«Des policiers qui mangent des beignes...»

Les journalistes présents à la rencontre de presse de Pride and Glory (En toute loyauté dans sa version française), en septembre, au Festival international du film de Toronto, ont bien rigolé lorsque le réalisateur Gavin O'Connor a répondu ainsi à une question sur les clichés qu'il a cherché à éviter dans son film policier.

Il faut dire que O'Connor (Tumbleweeds, Miracle) s'attaquait à un genre assez fréquenté au cinéma, la corruption policière, de surcroît au sein de la police de New York. Depuis Serpico, avec Al Pacino, tourné en 1973, ils ont été nombreux (et pas toujours très réussis) les films consacrés aux magouilles de flics pas catholiques.

Mais Gavin O'Connor et son frère jumeau Gregory, producteur du film, avaient de bonnes raisons de porter cette histoire au grand écran, puisque tous les deux fils de policier. La famil- le occupe d'ailleurs une place prépondérante dans l'intrigue, avec un détective (Edward Norton) soupçonnant l'implication de son beau-frère (Colin Farrell) et de son frère (Noah Emmerich) dans les meurtres de quatre collègues, commis lors d'une descente chez des trafiquants de drogues.

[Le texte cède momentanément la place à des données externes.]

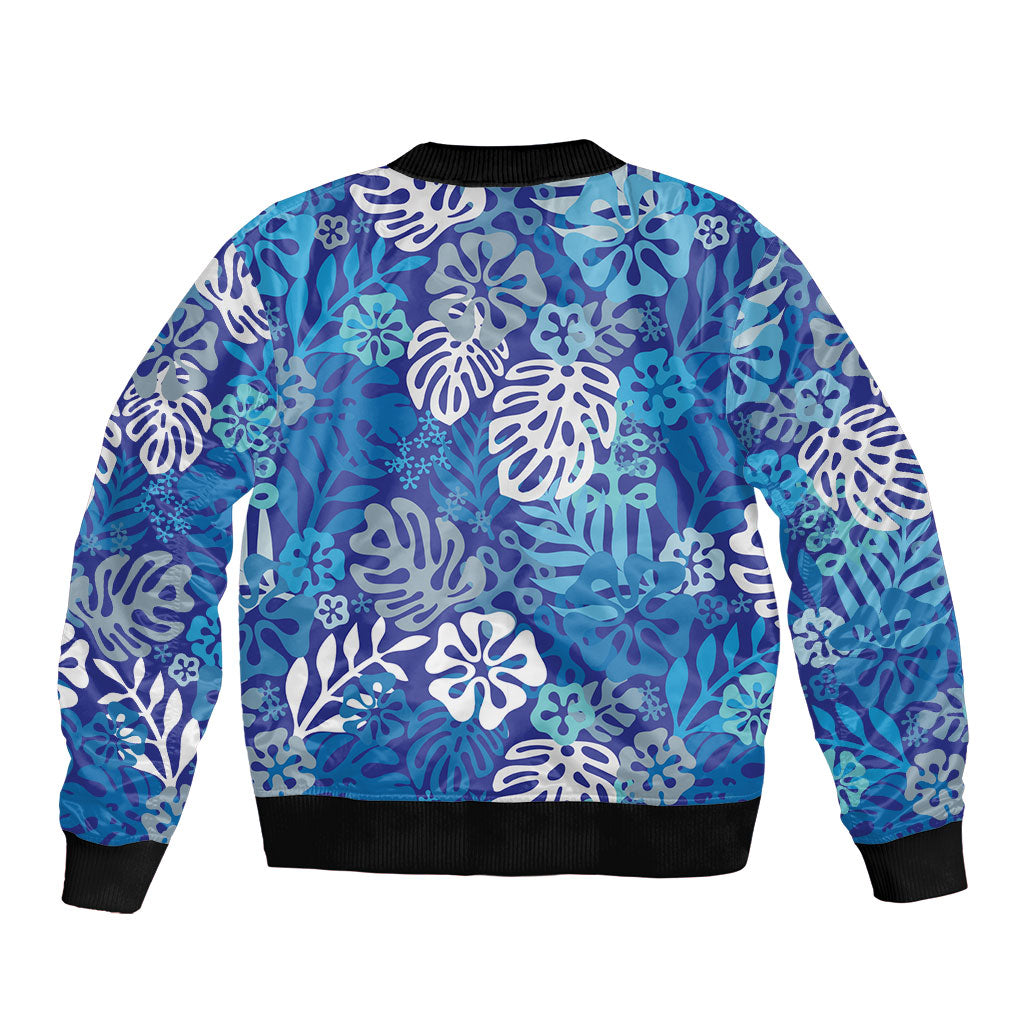 Blue Aloha Hawaiian Bomber Jacket Monstera Hibiscus Tropical Pattern LT19 - Polynesian Pride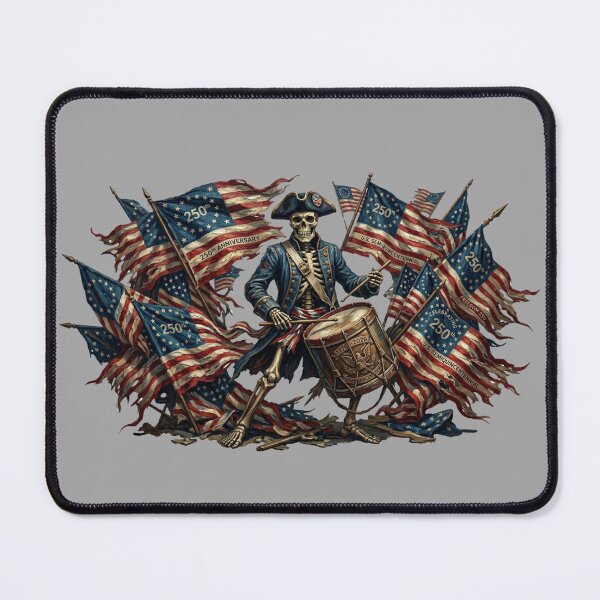 Item preview, Patriotic Skeleton Drummer USA 250 Design, Revolutionary War Skeleton Art, American Freedom Anniversary designed and sold by BreezifyDesignStudio.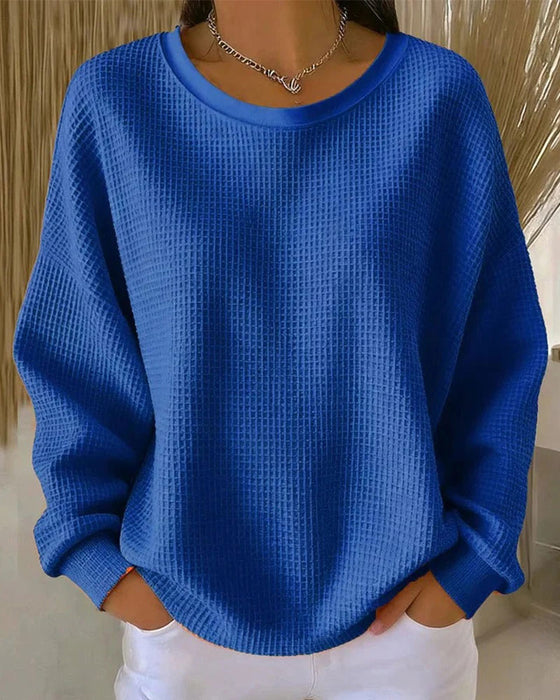 Solid Color Waffle Texture Pullover Sweatshirt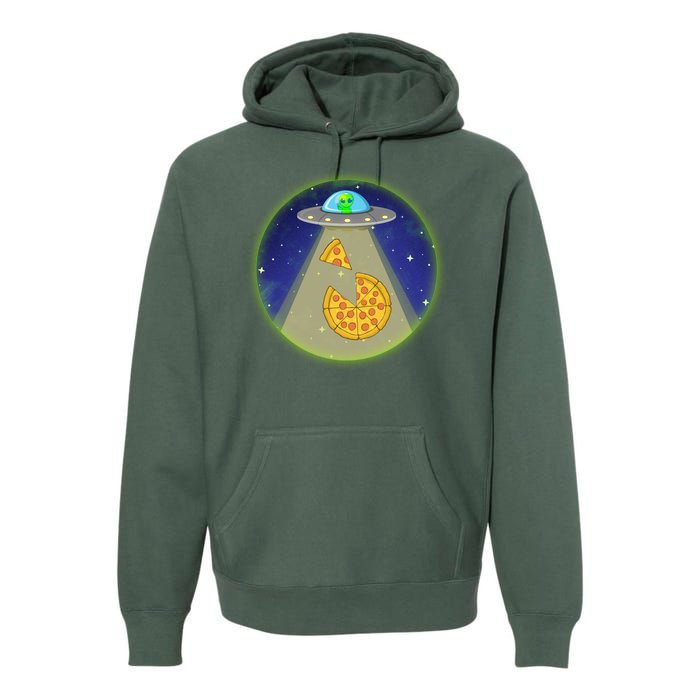 Cool Pizza Loving UFO Alien Premium Hoodie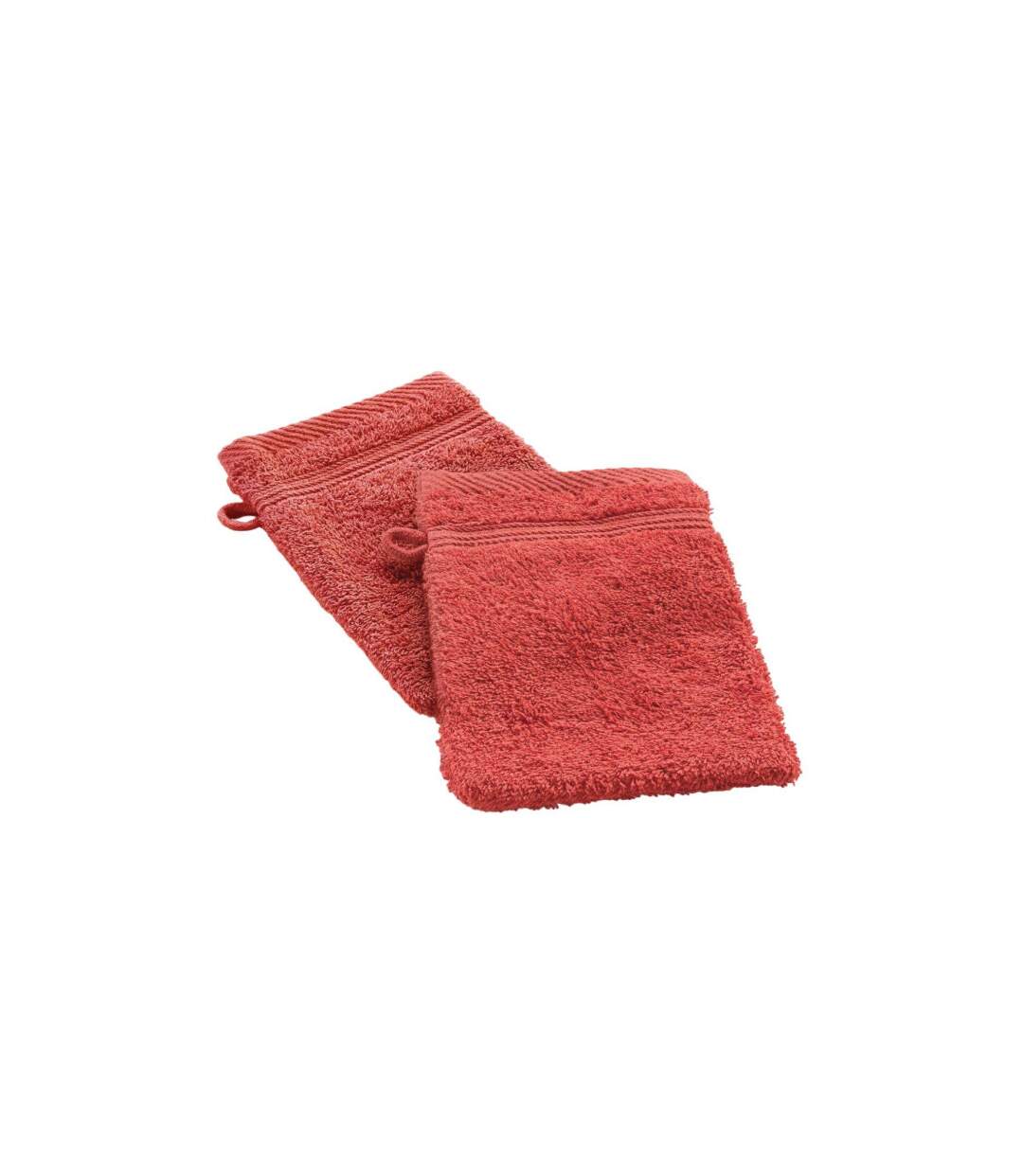 Lot de 2 Gants de Toilette Tendresse 15x21cm Terracotta-1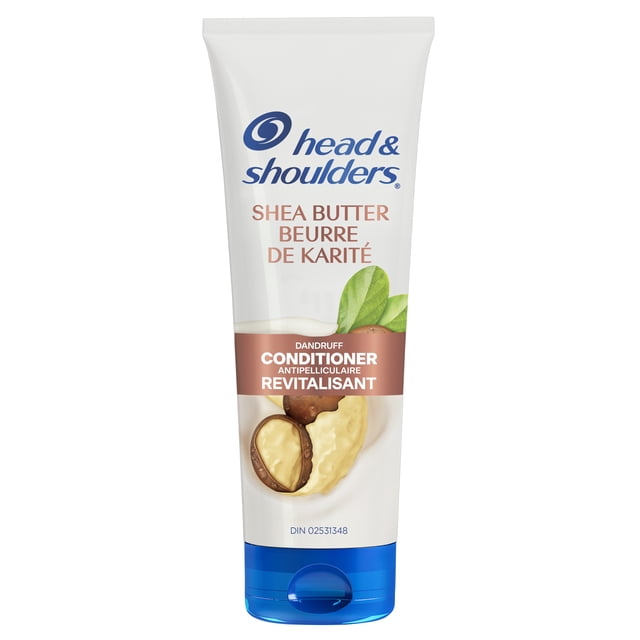 Head & Shoulders Shea Butter Anti-Dandruff Conditioner in a white squeeze tube with blue flip cap, featuring shea nuts and green leaves illustration, bilingual English and French text highlighting dandruff control and revitalizing properties.
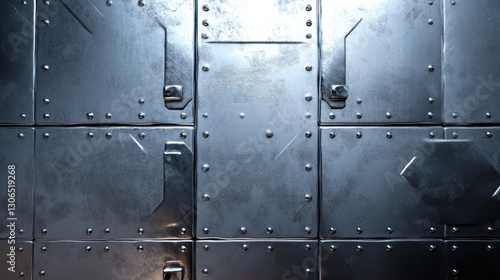 Fototapeta Naklejka Na Ścianę i Meble -  Metal panels on spaceship hull, spotlight, dark background, for texture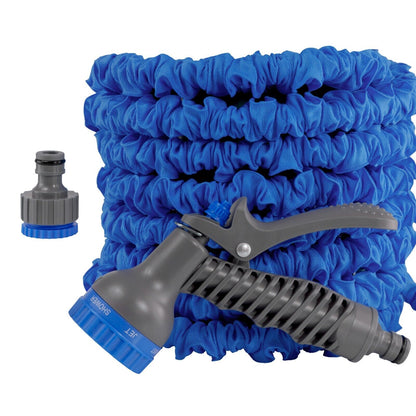 Blue Expanding X Hose 5m-15m Pipe, Multi Spray Jet and Storage Bracket Hanger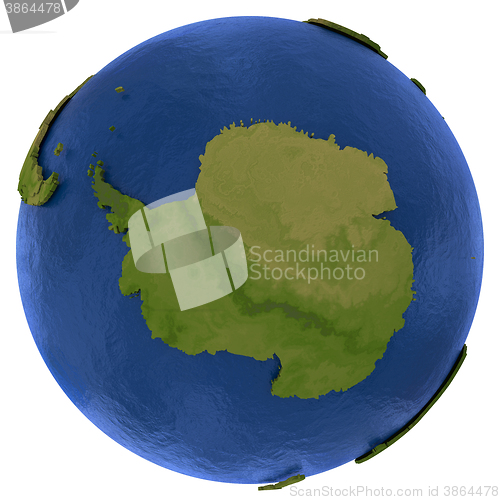 Image of Antarctic continent on Earth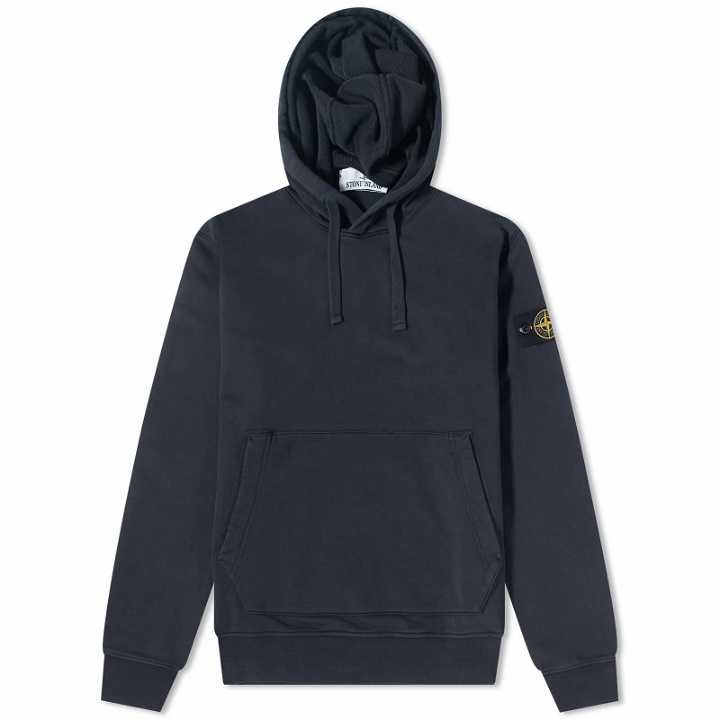 Photo: Stone Island Men's Garment Dyed Popover Hoody in Blue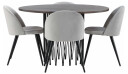 Venture Design Stone round & Velvet spisegruppe Grå/mokka 4 stoler & bord 120 cm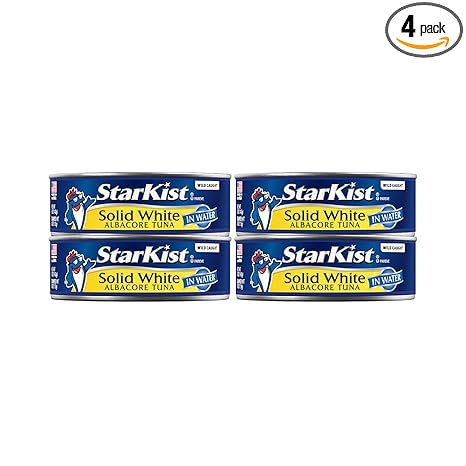 StarKist Solid White Albacore Tuna in Water, 5 oz Can, Pack of 4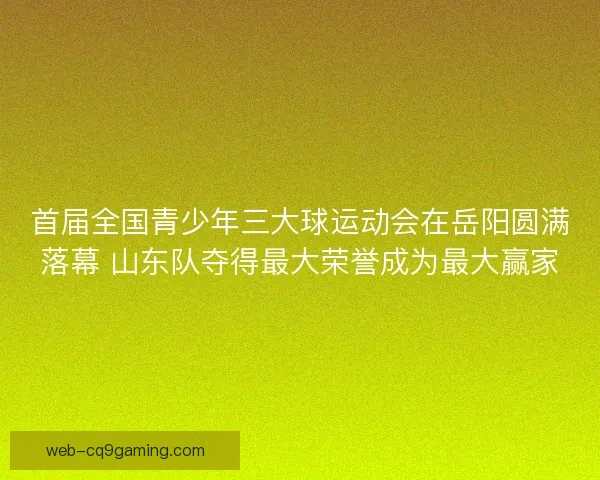 首届全国青少年三大球运动会在岳阳圆满落幕 山东队夺得最大荣誉成为最大赢家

Le portrait de famille est complété par le chef des enquêtes criminelles (Jon Voight) qui est aussi le père (et le beau-père) de tout ce beau monde. Bonjour l'ambiance...

Mur du silence

«Nous avons surtout voulu faire un film sur le mur du silence et le code d'honneur qui existent chez les policiers, explique O'Connor. Même s'il était réticent au départ, mon père a bien vu que nous voulions faire quelque chose de sérieux. Nous avions beaucoup de conseillers sur le plateau. Il a compris et aimé le film.»

Pour le comédien Edward Norton, Pride and Glory se détache des autres films policiers par l'affrontement entre des valeurs comme la loyauté à une institution et l'obligation de débusquer la vérité coûte que coûte, même au prix de graves dommages collatéraux sur une famille tricotée serrée.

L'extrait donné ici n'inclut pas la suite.